[GIVEN MATERIAL — start]

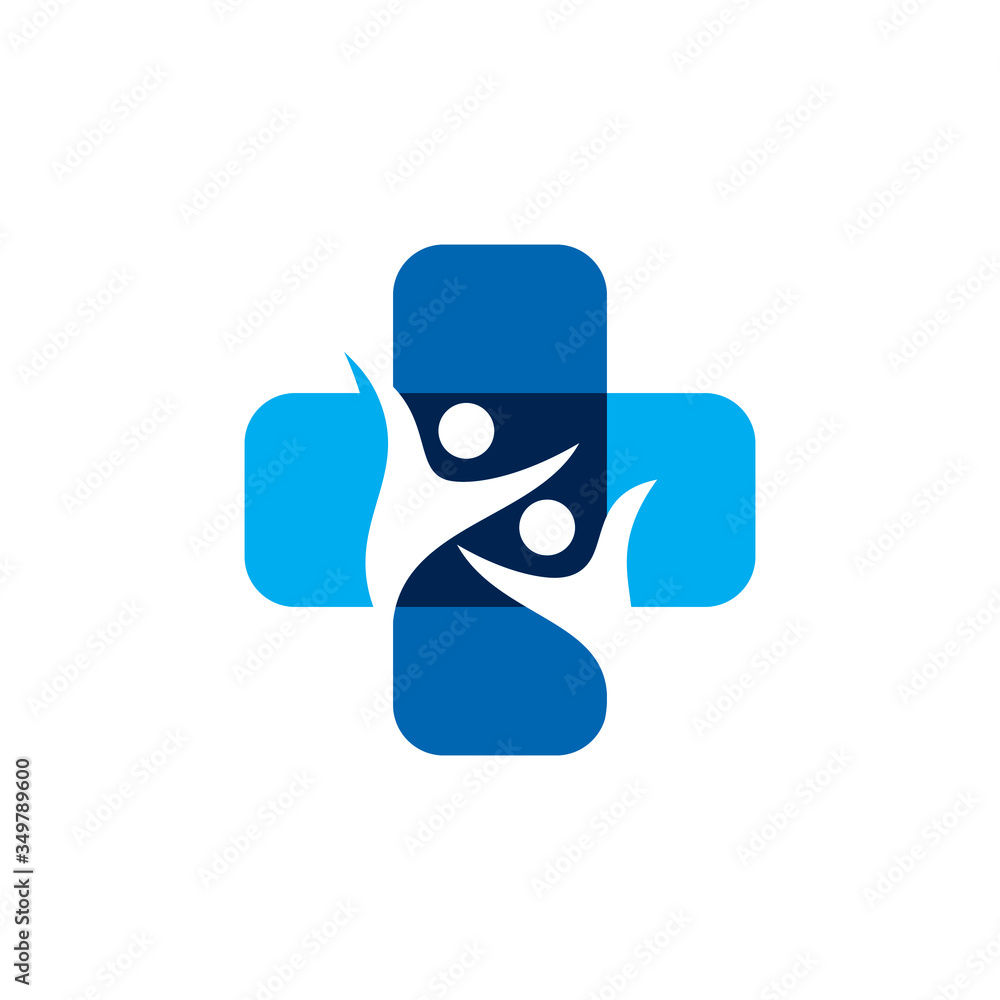 Medical People Logo Design. Healthy Medicine Pharmacy Vector Icon. Medical People Logo Design. Healthy Medicine Pharmacy Vector Icon.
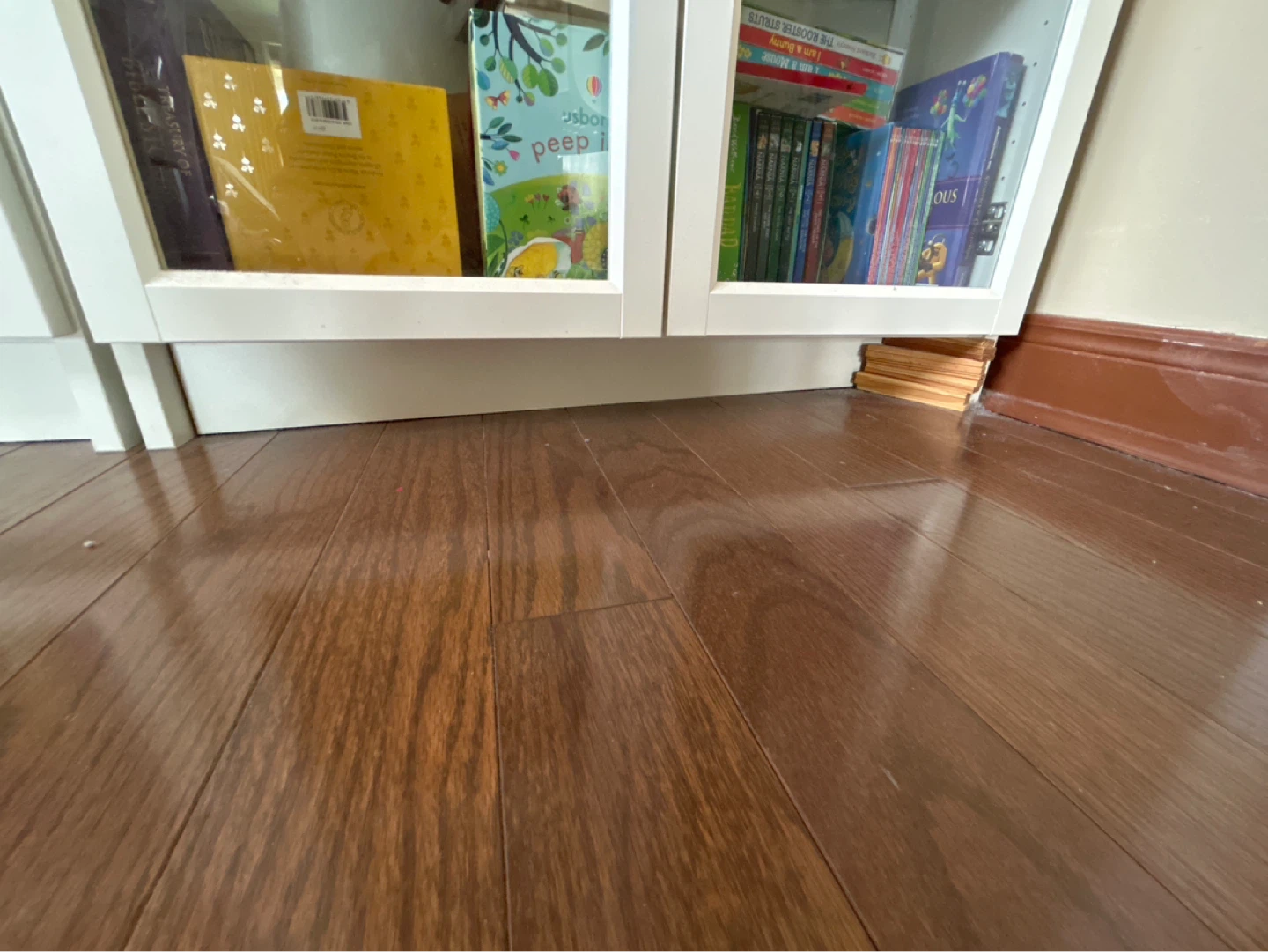 4 IKEA BILLY Bookcase with Glass Doors - photo 4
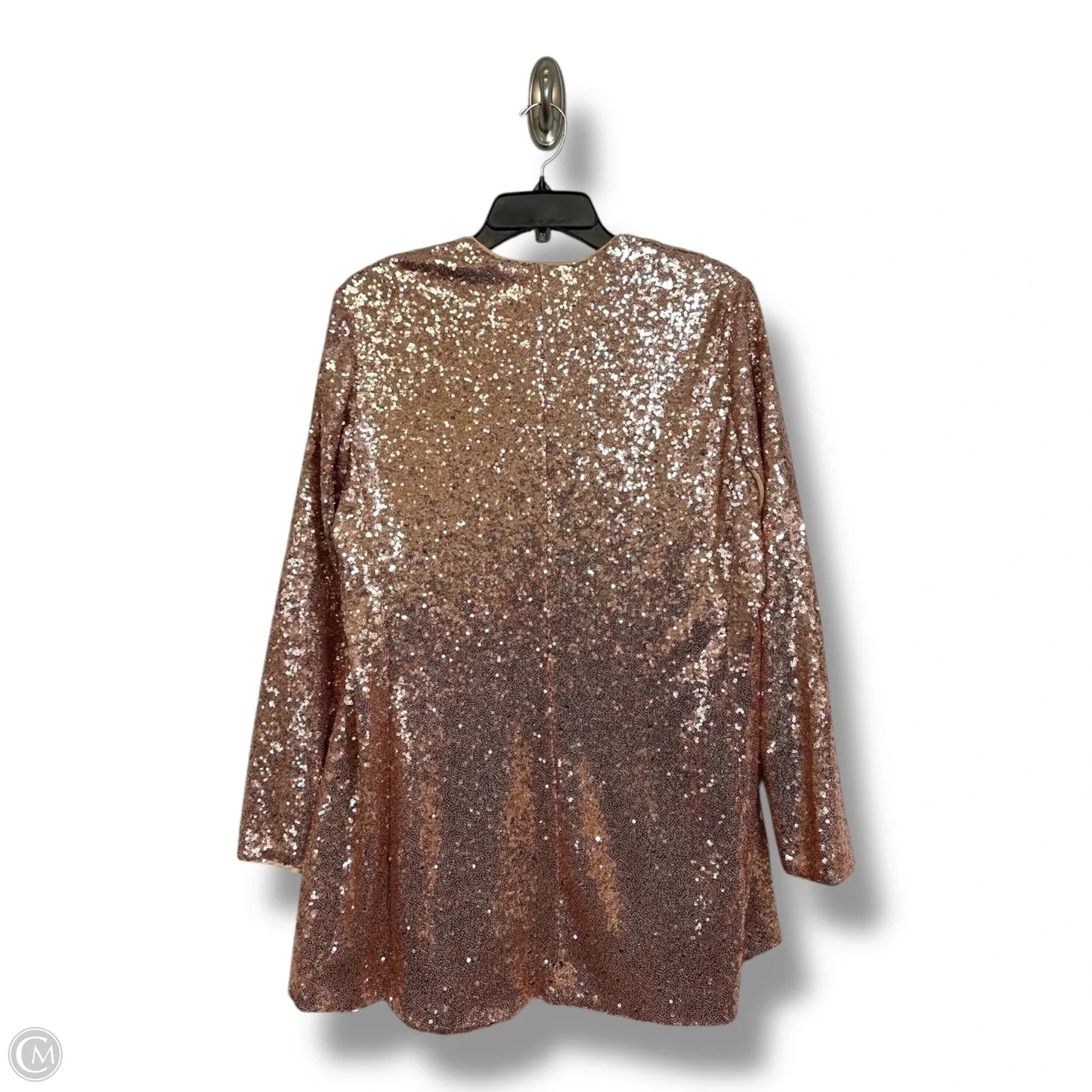 Sparkle sequin Blazer By Torrid In Rose Gold, Size: M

[GIVEN MATERIAL — finish]

PROMPT:
Every line of the data is to be transcribed exactly, and no picture is to be included.

TASK ANSWER:
 Medical People Logo Design. Healthy Medicine Pharmacy Vector Icon. Medical People Logo Design. Healthy Medicine Pharmacy Vector Icon.
 4 IKEA BILLY Bookcase with Glass Doors - photo 4
 Sparkle sequin Blazer By Torrid In Rose Gold, Size: M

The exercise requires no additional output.